**EXERCISE INSTRUCTIONS**: Among the lines below, output only those between the line holding "Betonowe prefabrykaty na" and the line holding "Oằn mình vượt", inclusive, exactly as written and with no pictures.

(MATERIALS PROVIDED begins)

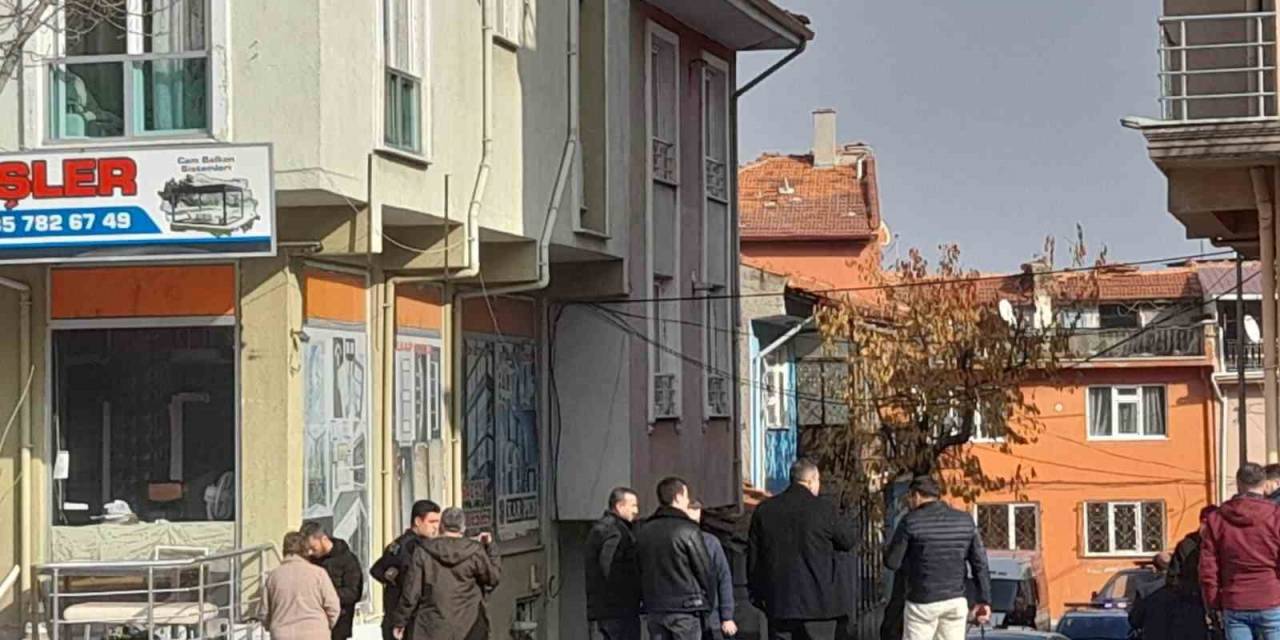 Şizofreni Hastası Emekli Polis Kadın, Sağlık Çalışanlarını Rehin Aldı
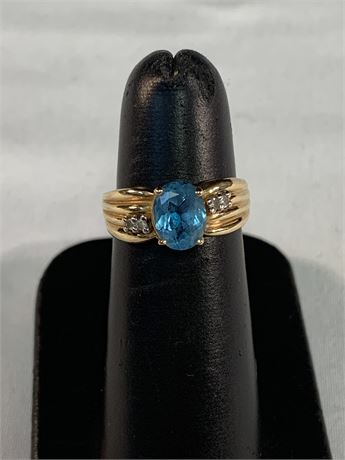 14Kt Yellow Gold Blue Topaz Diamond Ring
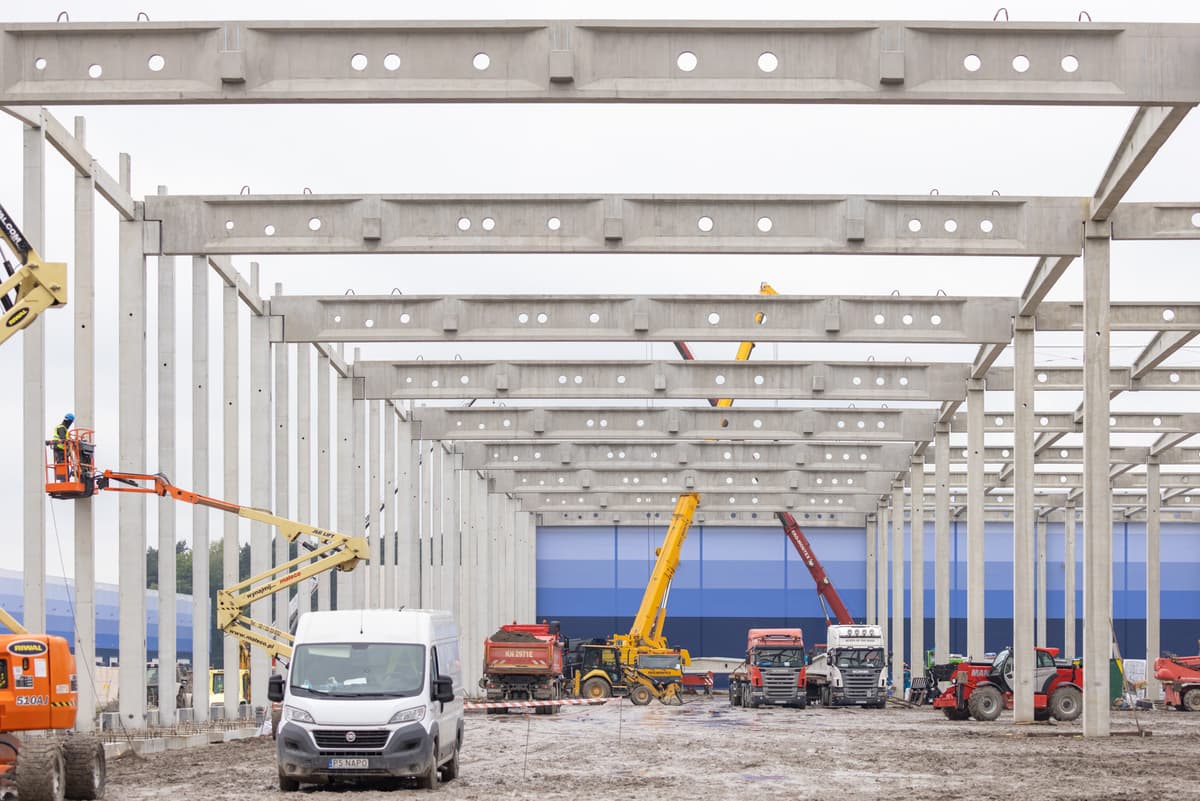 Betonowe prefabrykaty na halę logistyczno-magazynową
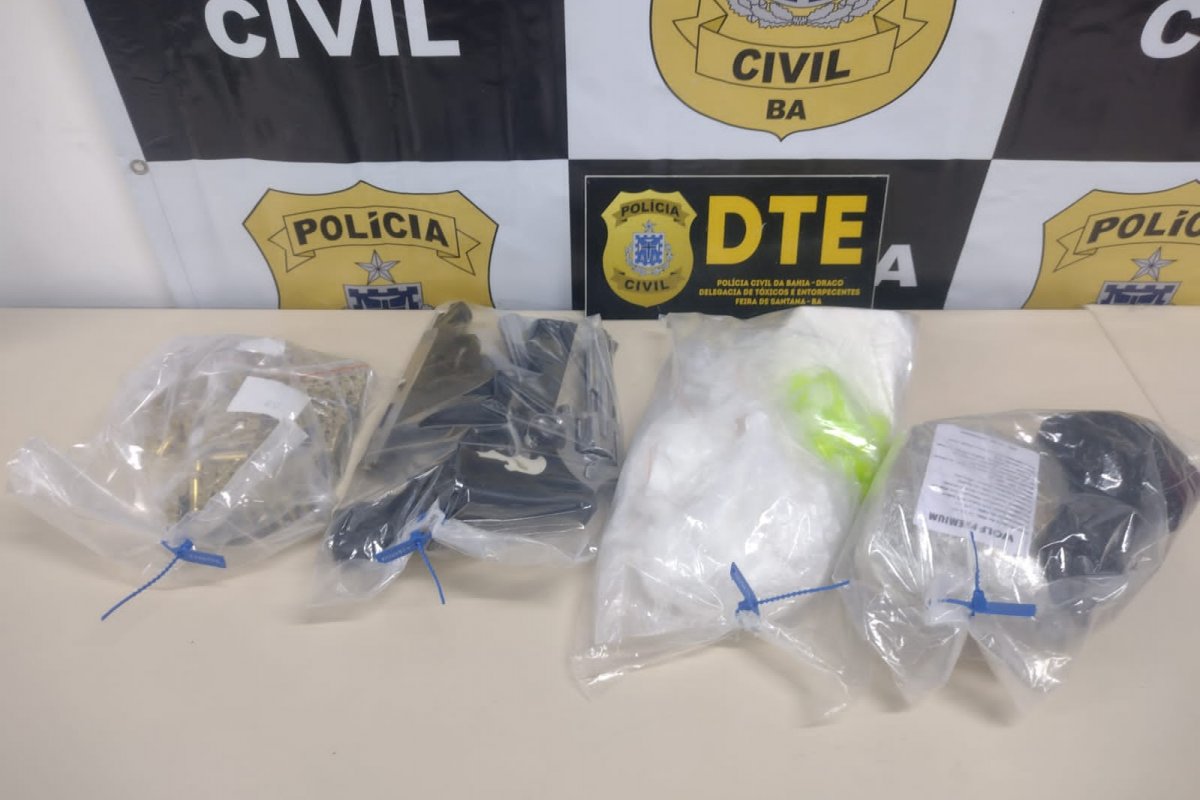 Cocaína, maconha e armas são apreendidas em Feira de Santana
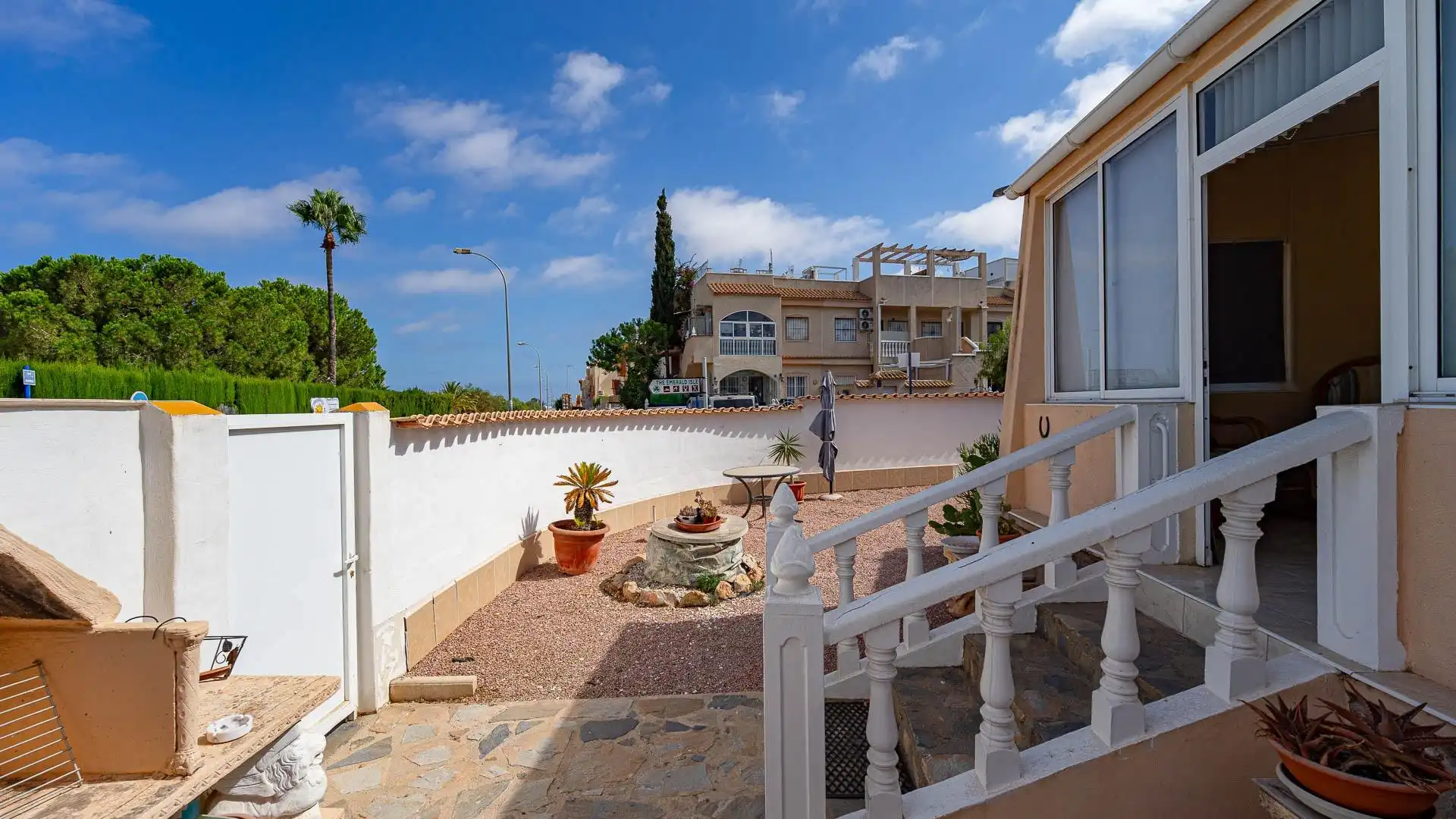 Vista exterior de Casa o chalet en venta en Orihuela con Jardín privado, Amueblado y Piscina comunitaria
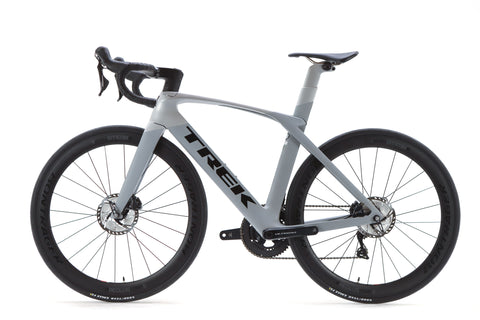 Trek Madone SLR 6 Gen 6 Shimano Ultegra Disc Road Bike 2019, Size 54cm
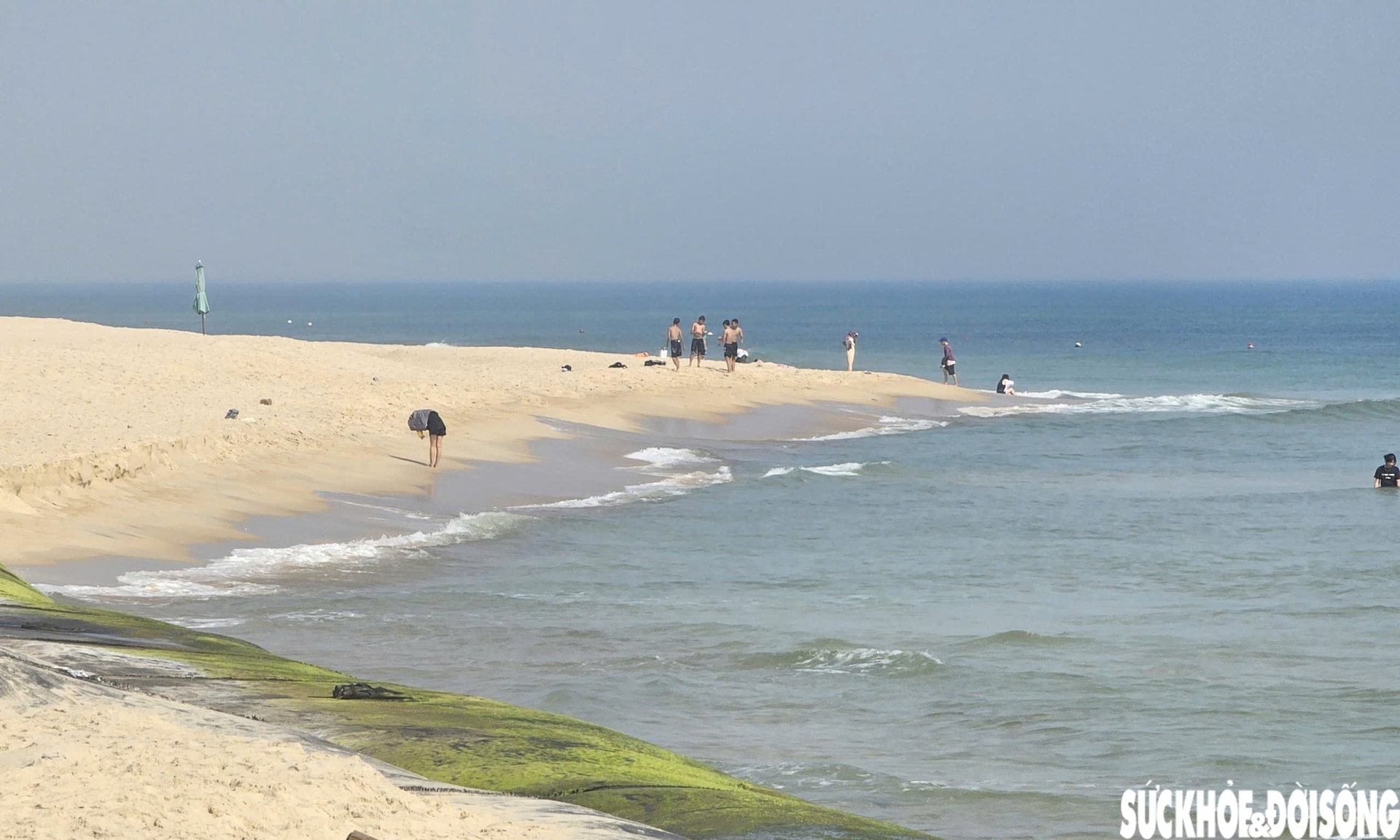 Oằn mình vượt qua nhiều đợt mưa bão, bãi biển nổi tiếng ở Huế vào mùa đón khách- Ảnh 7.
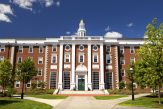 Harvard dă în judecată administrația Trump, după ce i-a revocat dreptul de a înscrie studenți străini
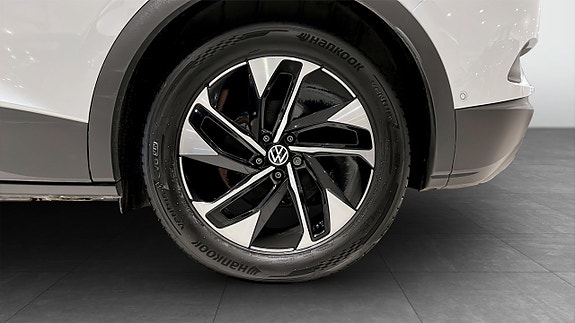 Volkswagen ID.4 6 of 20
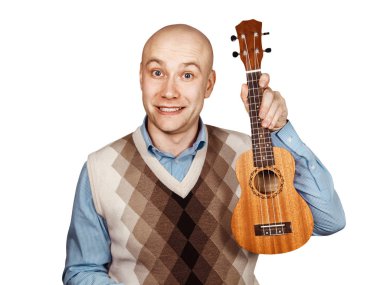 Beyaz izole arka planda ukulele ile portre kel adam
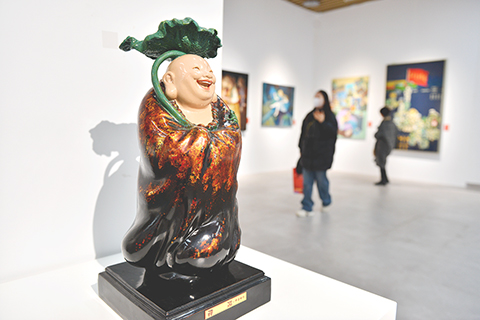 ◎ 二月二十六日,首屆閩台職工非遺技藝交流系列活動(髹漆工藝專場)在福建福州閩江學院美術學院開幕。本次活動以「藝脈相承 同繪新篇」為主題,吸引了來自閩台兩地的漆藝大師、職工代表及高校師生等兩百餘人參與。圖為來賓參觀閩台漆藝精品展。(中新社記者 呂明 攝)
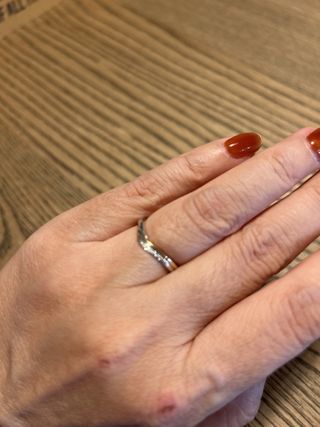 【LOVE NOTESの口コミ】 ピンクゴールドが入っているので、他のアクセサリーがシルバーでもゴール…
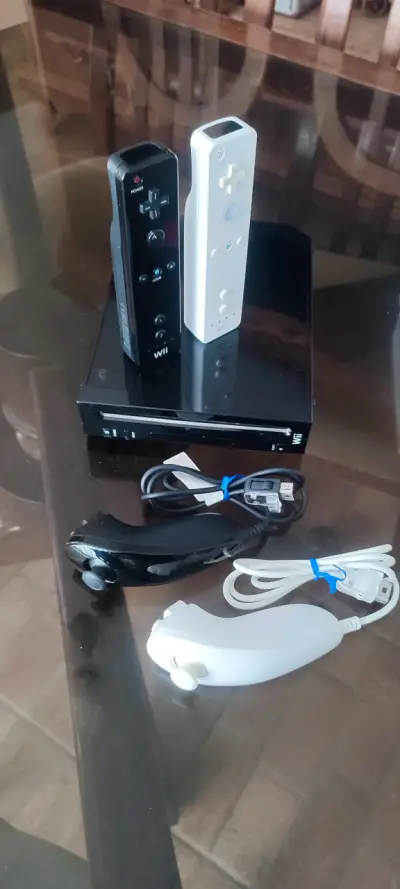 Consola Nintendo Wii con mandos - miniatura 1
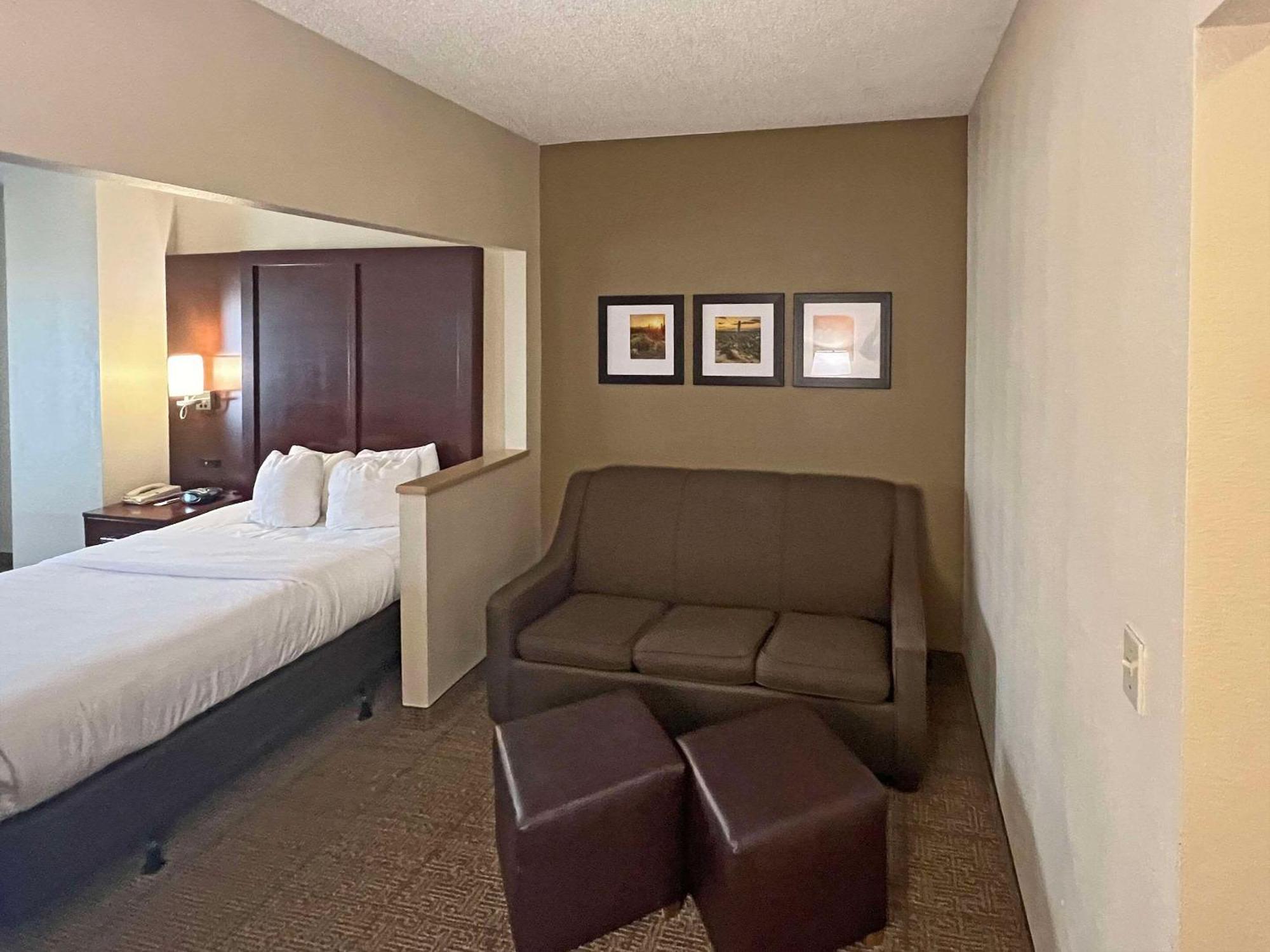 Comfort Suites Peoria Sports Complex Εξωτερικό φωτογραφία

(MATERIALS PROVIDED ends)

**WRITTEN RESPONSE**:
 Betonowe prefabrykaty na halę logistyczno-magazynową
 Cocaína, maconha e armas são apreendidas em Feira de Santana
 Vista exterior de Casa o chalet en venta en Orihuela con Jardín privado, Amueblado y Piscina comunitaria
 Trek Madone SLR 6 Gen 6 Shimano Ultegra Disc Road Bike 2019, Size 54cm
 Oằn mình vượt qua nhiều đợt mưa bão, bãi biển nổi tiếng ở Huế vào mùa đón khách- Ảnh 7.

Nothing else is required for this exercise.